StrongMail Survey Wrongly Paints Bleak Picture
It’s one thing for a vendor to sponsor a self-serving study that is designed to promote the benefits of using its services. It’s quite another to paint an inaccurate and damning picture of its would-be customer base in the process.
This is exactly what e-mail insourcing technology provider StrongMail did yesterday with a survey concluding that marketers are cavalier with the way they handle customer data.
The study—which was aimed at pointing out the supposed dangers of outsourcing e-mail services, and extolling the benefits of bringing e-mail in-house—concluded there is a huge disconnect between what privacy professionals think is going on with their firms’ customer data and what marketers actually say is going on.
Whereas 75% of privacy professionals believe their companies limit the amount of personal information they share with third parties, just 40% of marketers believe so, according to the study conducted by the Ponemon Institute on behalf of StrongMail.
“In fact, marketers report a willingness to share such personal information as credit card number (45%), debit card number (39%), Social Security number (29%), and bank account/routing number (17%),” said a release touting the study.
Also, 80% of the marketers surveyed said they share e-mail addresses with third parties, according to the study.
But wait a minute: Don’t most e-mailers use service providers? Wouldn’t they have to share their customers’ addresses with those service providers in order to get their messages sent?
StrongMail’s study was about the risks associated with outsourcing, not marketing and advertising. As a result, respondents were saying they share this information with their vendors, not necessarily third-party advertisers.
StrongMail never specified who these marketers said they were sharing data with, so various writers—Forbes columnist Andy Greenberg, for one high-profile example—understandably took it to mean marketers were sharing their customers’ information with anyone willing to buy it.
“That disconnect may be one source of the annoying spam that plagues inboxes,” Greenberg wrote. “Just 44% of marketers surveyed believe their organizations were in compliance with the CAN-SPAM act, a law that requires marketers to request permission to send e-mail messages, disclose the messages' source and offer an opt-out function.”
Never mind that he’s wrong about the permission aspect of Can Spam.

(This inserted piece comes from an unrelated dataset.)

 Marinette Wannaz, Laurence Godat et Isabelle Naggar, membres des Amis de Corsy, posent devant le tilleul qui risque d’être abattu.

Because of the way StrongMail and the Ponemon Institute presented their study’s findings, Greenberg drew a highly damaging—and dead wrong—conclusion about the state of mainstream e-mail marketing.
Here is the biggest problem with StrongMail’s study. Privacy zealots are on a never-ending quest to find evidence that marketers can’t be trusted with sensitive information about their customers.
These so-called privacy advocates—who usually can more accurately be described as anti-marketing activists—can’t cite any actual damage that has ever occurred to anyone as a result of a marketing campaign using personally identifiable information, so they’re left to rely on evidence indicating that something bad <ital>could<ital>happen.
StrongMail’s study and the resulting coverage in Forbes and other outlets is a goldmine for privacy zealots to go to the Federal Trade Commission and Congress and say: “See? Marketers admit they can’t be trusted with people’s information. This proves it’s time for stiffer regulations on marketing and advertising.” when it has proved nothing of the sort.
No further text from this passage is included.